Special Correspondent

Electricity Act against cross subsidy: KSEBOA

The KSEB proposal to reduce tariff for domestic consumers is against section 61(g) of the Electricity ActTariff reduction proposed now is precursor of steep tariff hikes on a future date, says union

THIRUVANANTHAPURAM: The Officers' Association in the Kerala State Electricity Board (KSEB), while welcoming the reduction in power tariff proposed by the institution, has said that cross subsidy to domestic consumers and weaker sections could be retained only if the Electricity Act of 2003 is suitably amended.
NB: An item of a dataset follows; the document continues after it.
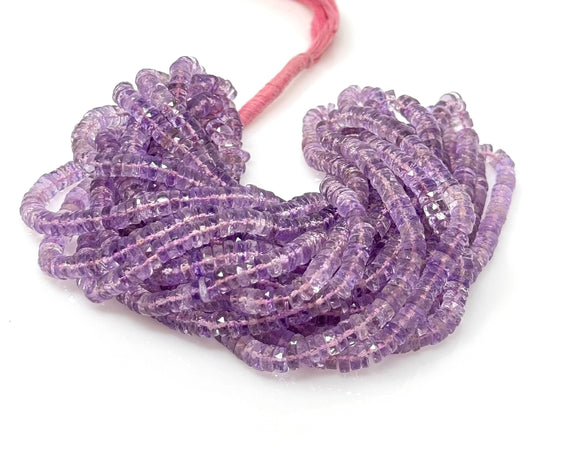 16” Amethyst Faceted Heishi Beads, African Amethyst Tyre Shape Beads, Spiritual Healing Crystal February Birthstone Beads, 6mm - 6.5mm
The Act, which is based on neo-liberal economic philosophy, does not care for the social realities of the country. It stipulates the phasing out the system of cross subsidy, under which the weaker sections, farmers and domestic consumers were all along being supplied electricity at rates lower than the actual cost of supply, association general secretary B. Pradeep said in a statement here on Saturday.
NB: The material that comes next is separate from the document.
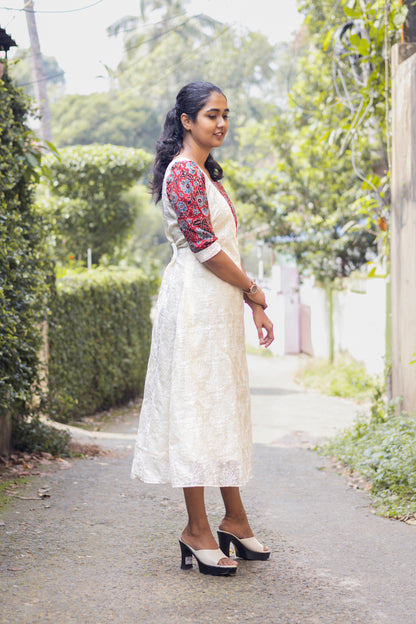 Modal Silk Neck Pattern with Flared Cotta Kurta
The KSEB's proposal to the State Electricity Regulatory Commission (SERC) to reduce the tariff for domestic consumers, who are already enjoying the benefit of cross subsidy, is actually against section 61(g) of the Electricity Act, which mandates phased elimination of cross subsidy.
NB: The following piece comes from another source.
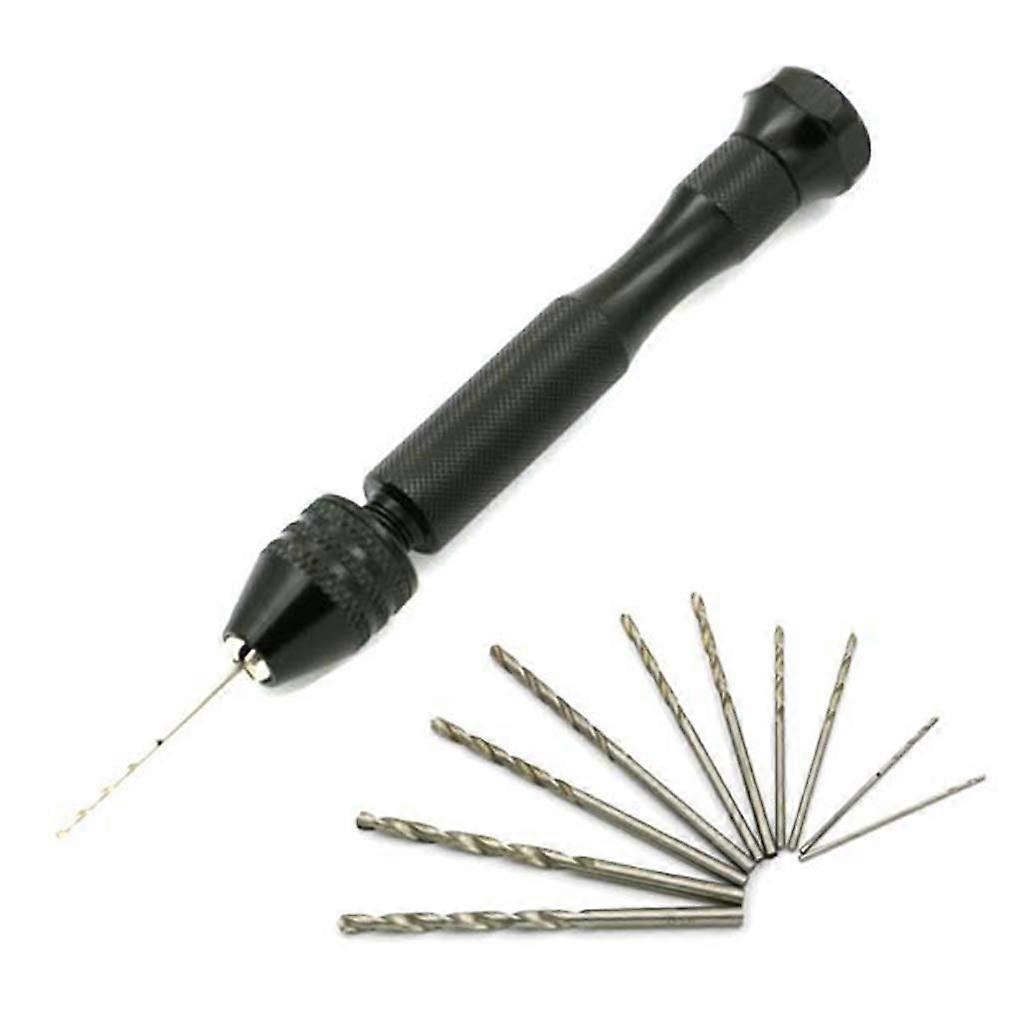 HSS Spiral Drill Bit Set 10-Piece Hand Drill Pin Vise Hole Maker Manual Tool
Mr. Pradeep said that it had already become evident that this law could not be implemented in its true spirit anywhere in the country. In States such as Rajastan, Haryana, Andhra Pradesh and Tamil Nadu, where moves were made to implement the law in letter and spirit, the Governments had to retract their steps following strong public reaction. Electricity has become a basic necessity for the people and they expect its supply at a cost affordable to even the poorest. Power tariff is not something that can be determined by market forces just on the basis of profit-loss computations. The Electricity Act of 2003 should be amended keeping this reality in mind, Mr. Pradeep said.

He said the proposal to reduce the power tariff had become possible only because of some very hard work put in by the KSEB and its employees.

With the proposed tariff reduction, the KSEB will finish this financial year with a revenue deficit of Rs.339 crores. The KSEB's expectation is that the revenue deficit next year will be of the order of Rs.422 crores.

Mr. Pradeep said the KSEB had asked the SERC to treat the additional loss expected from the tariff reduction as `regulatory asset,' which meant just postponing the recovery of the amount to a later date.

In other words, the tariff reduction proposed now is the precursor of steep tariff hikes on a future date. Such an eventuality can be avoided only if the Government bridges the gap created now through the provision of the required subsidy, he added.